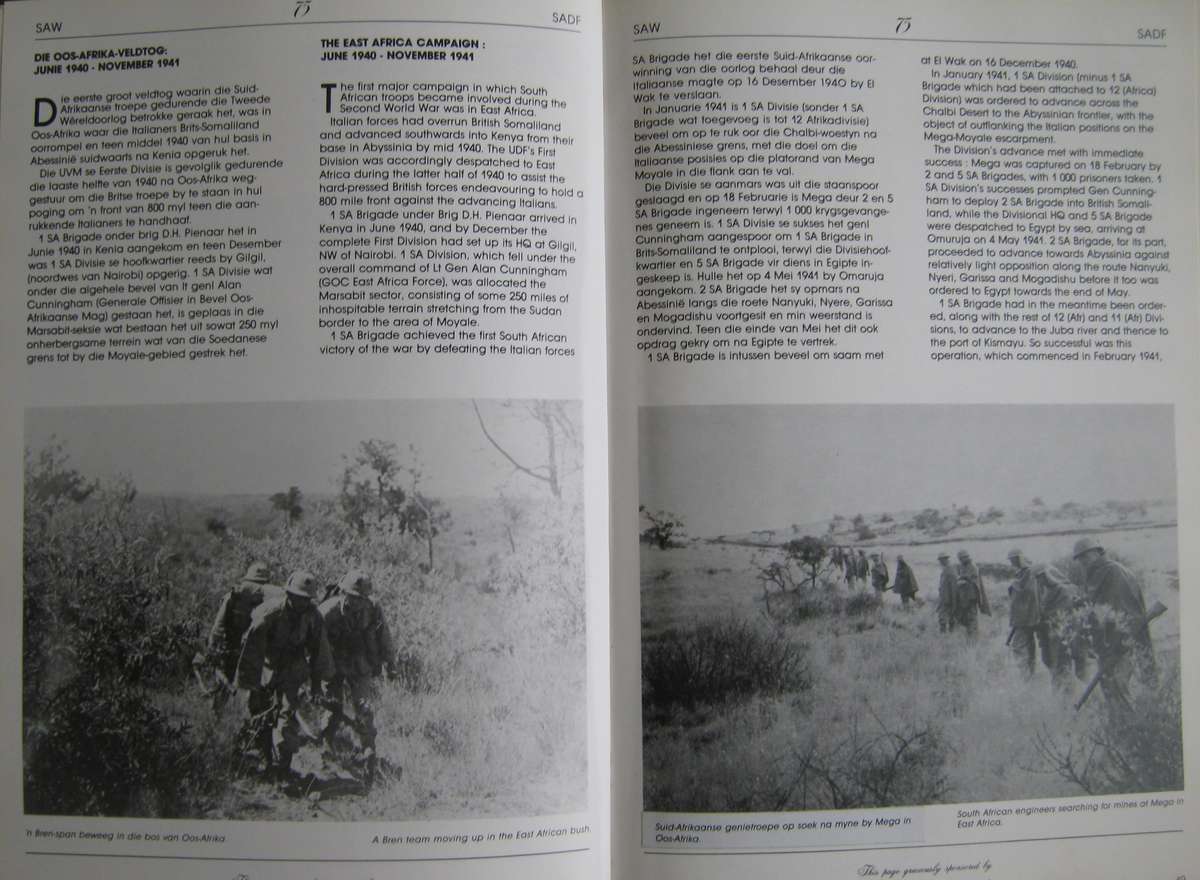 Steeds Kampioene Suid-Afrikaanse Weermag 1912-1987 Still Champions SADF 1912 - 1987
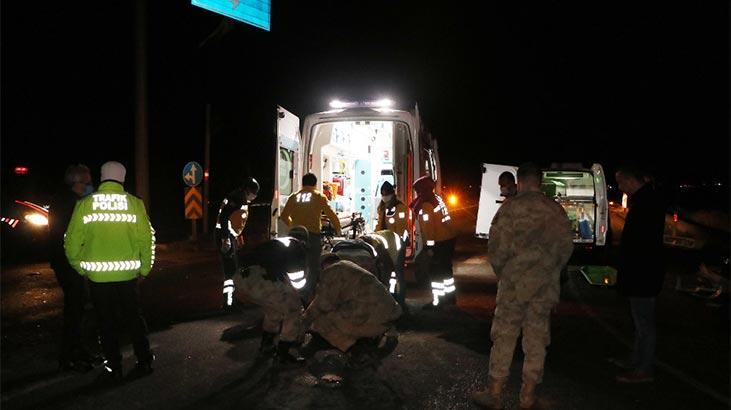 Katliam gibi kaza! 4 kişi feci şekilde can verdi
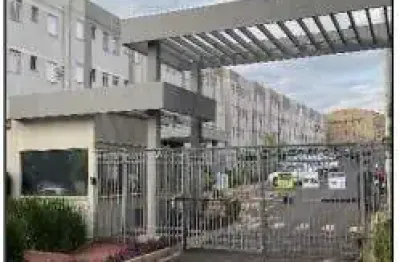 Apartamento para venda em cravinhos de 43.00m² com 1 quarto e 1 garagem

● TASK ITEM: Print exactly the line containing "Katliam gibi kaza!" and every line after it through the final line above, and leave all pictures out.

● RESULT BELOW:
 Katliam gibi kaza! 4 kişi feci şekilde can verdi
 Apartamento para venda em cravinhos de 43.00m² com 1 quarto e 1 garagem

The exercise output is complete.